> _Records for the task_
┌────────

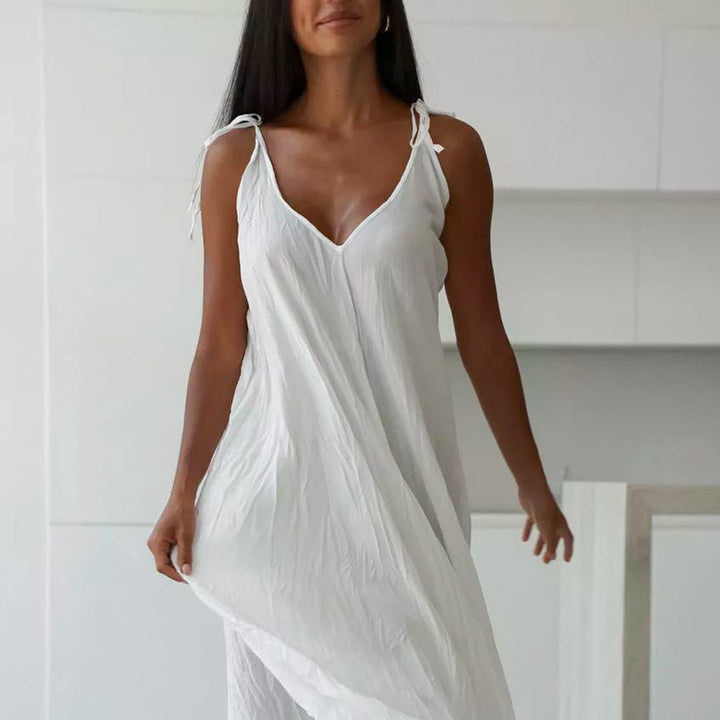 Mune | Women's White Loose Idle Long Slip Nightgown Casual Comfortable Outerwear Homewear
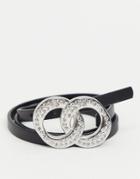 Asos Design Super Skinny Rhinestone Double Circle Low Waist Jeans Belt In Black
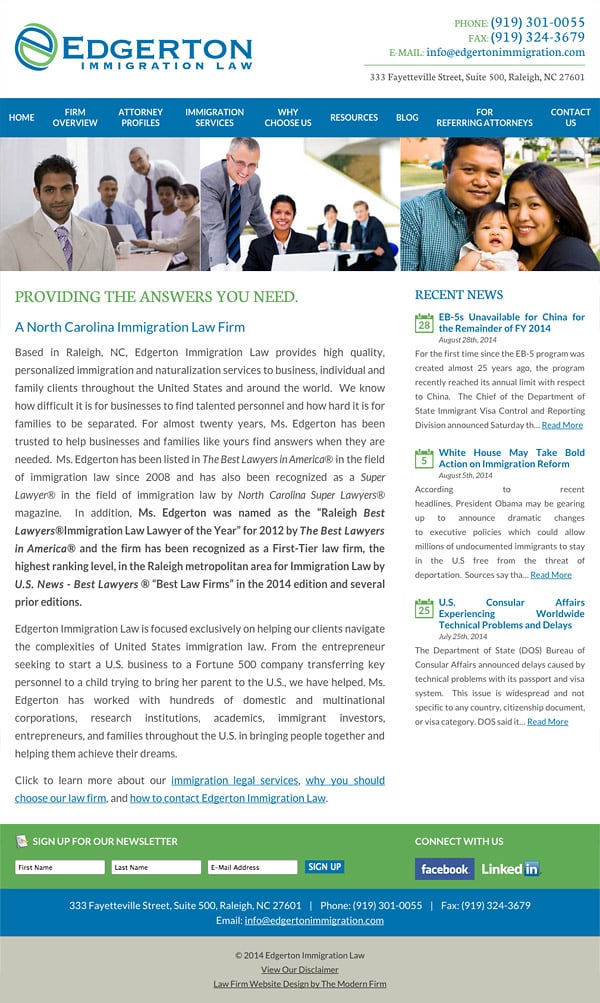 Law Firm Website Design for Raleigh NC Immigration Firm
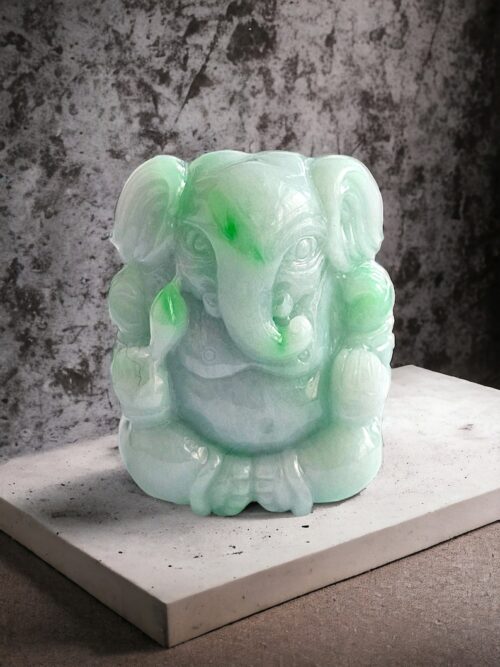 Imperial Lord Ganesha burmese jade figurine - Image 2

└────────
┌────────

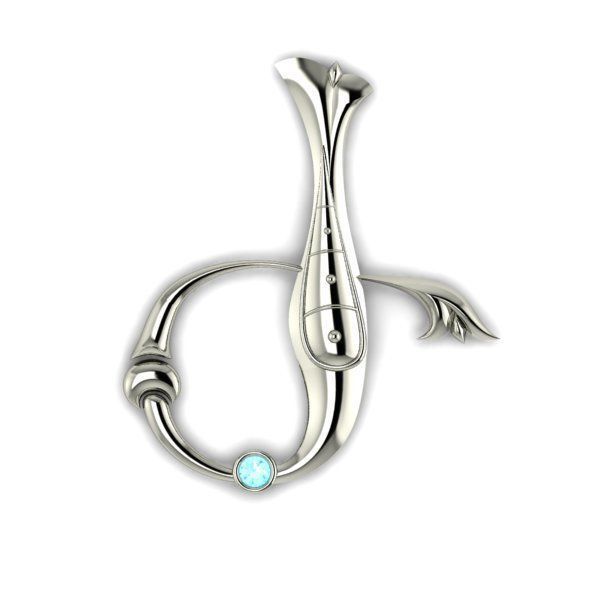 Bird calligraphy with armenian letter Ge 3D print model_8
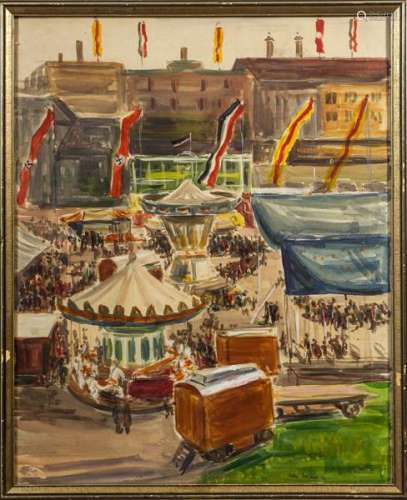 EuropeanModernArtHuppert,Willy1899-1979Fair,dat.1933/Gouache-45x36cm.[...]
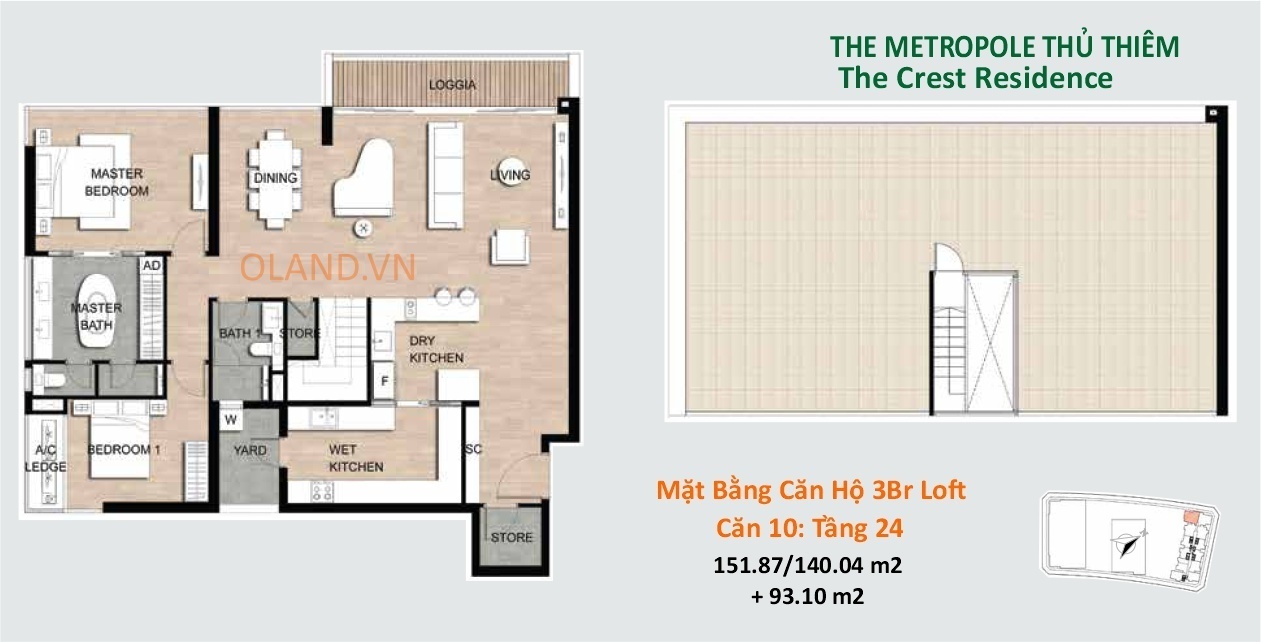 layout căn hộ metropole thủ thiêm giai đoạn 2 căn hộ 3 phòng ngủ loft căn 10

└────────
┌────────

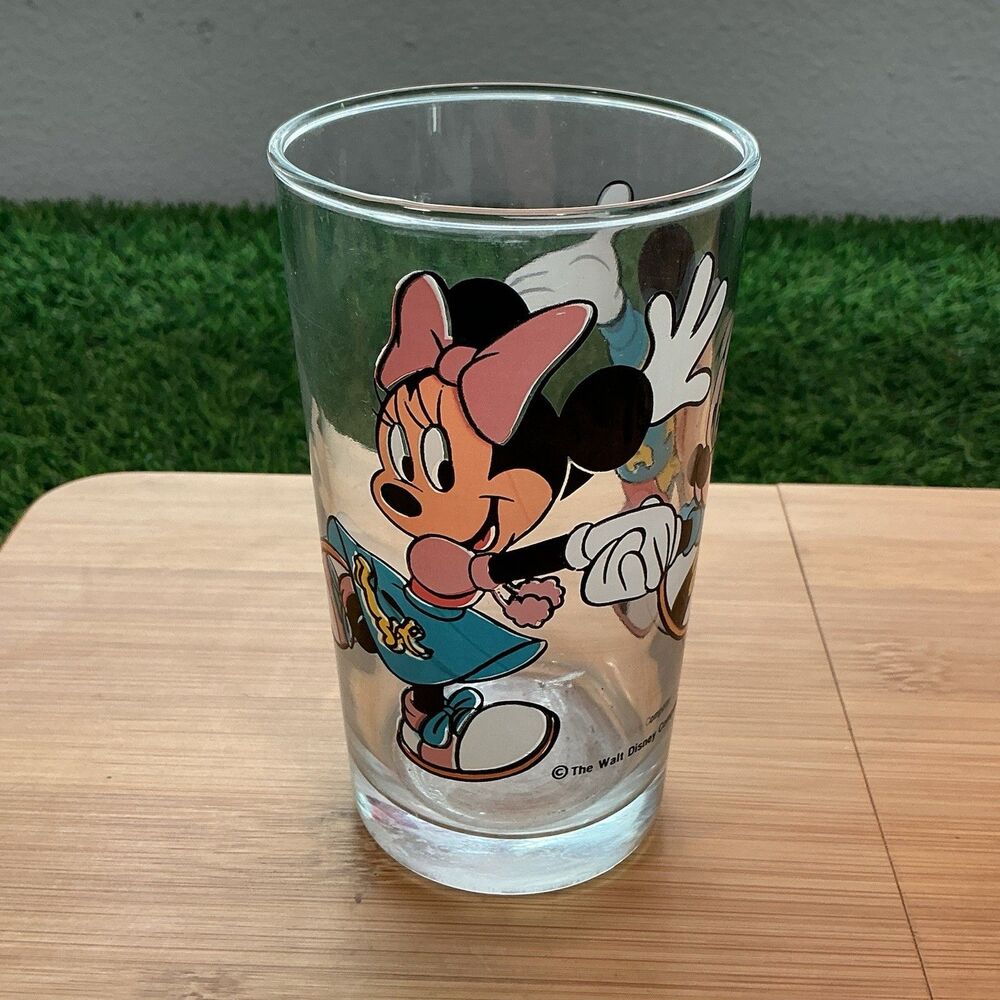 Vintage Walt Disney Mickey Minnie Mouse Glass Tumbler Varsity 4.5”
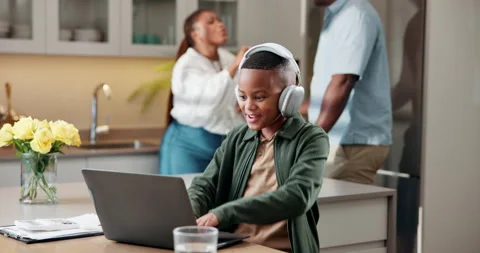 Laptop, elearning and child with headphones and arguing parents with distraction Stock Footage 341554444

└────────

> _Task_
No picture is to be printed. Output exactly the lines above from the line containing "Mune | Women's" through the line containing "Imperial Lord Ganesha".

> _Answer to the exercise_
 Mune | Women's White Loose Idle Long Slip Nightgown Casual Comfortable Outerwear Homewear
 Asos Design Super Skinny Rhinestone Double Circle Low Waist Jeans Belt In Black
 Law Firm Website Design for Raleigh NC Immigration Firm
 Imperial Lord Ganesha burmese jade figurine - Image 2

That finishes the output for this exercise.